The Problem
Nadia runs a price comparison startup. She needs product data from 12 competitor e-commerce sites — product names, prices, availability, ratings, images. Each site has a different structure, some render with JavaScript, and several block datacenter IPs. She tried building scrapers manually: Puppeteer for one site, Cheerio for another, a custom fetch wrapper for the third. Within a week she had 12 fragile scripts, each with its own error handling, its own data format, and its own failure mode.
When a scraper breaks (and they break constantly — sites change their HTML), the pipeline silently stops collecting data. Nadia only notices when a customer asks why prices haven't updated in three days. She needs a structured pipeline where extraction, validation, transformation, and loading are separate concerns — so when a scraper breaks, it's obvious which one, and fixing it doesn't require touching the rest of the pipeline.
The Solution
Use data-pipeline for the ETL architecture — separate extract, transform, and load stages with validation between each. Use playwright-testing for JavaScript-rendered sites and supabase for the Postgres database with real-time price change notifications.
Step-by-Step Walkthrough
Step 1: Design the Pipeline Architecture
Every scraping pipeline needs the same five stages. Separating them means each stage can fail independently, retry independently, and be tested independently.
┌──────────┐ ┌──────────┐ ┌───────────┐ ┌──────────┐ ┌────────┐
│ Extract │───▶│ Validate │───▶│ Transform │───▶│ Dedupe │───▶│ Load │
│ (scrape) │ │ (schema) │ │ (clean) │ │ (hash) │ │ (DB) │
└──────────┘ └──────────┘ └───────────┘ └──────────┘ └────────┘
│ │ │ │ │
▼ ▼ ▼ ▼ ▼
raw.json errors.log transformed/ deduped/ load_report
// pipeline.config.ts — Configuration for the scraping pipeline
/**
* Defines data sources, transformation rules, and load targets.

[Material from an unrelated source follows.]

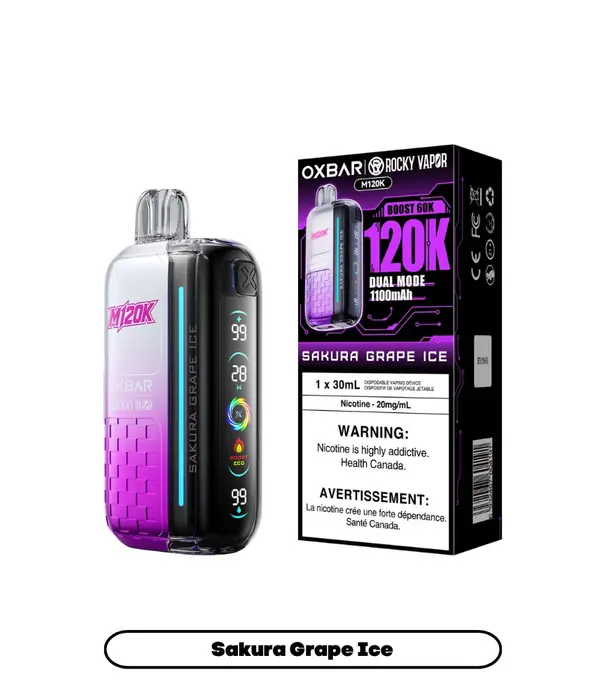Ox Bar Sakura Grape Ice Rocky Vapor OxBar M120K Rechargeable Disposable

* Each source is independent — one breaking doesn't affect others.
*/
export interface SourceConfig {
name: string;
type: "playwright" | "fetch" | "api"; // Extraction method
url: string;
selectors?: { // For HTML scraping
container: string; // Product card selector
fields: Record<string, string>; // field → CSS selector
};
apiConfig?: { // For API sources
headers: Record<string, string>;
pagination: { param: string; maxPages: number };
};
rateLimit: number; // ms between requests
schedule: string; // Cron expression
}
export const sources: SourceConfig[] = [
{
name: "competitor-a",
type: "playwright", // JS-rendered site
url: "https://competitor-a.com/products",
selectors: {
container: "[data-testid='product-card']",
fields: {
name: "h3.product-title",
price: "span.price",
rating: "div.stars",
image: "img.product-image@src", // @attr extracts attribute
url: "a.product-link@href",
availability: "span.stock-status",
},
},
rateLimit: 3000, // 3s between pages (respectful)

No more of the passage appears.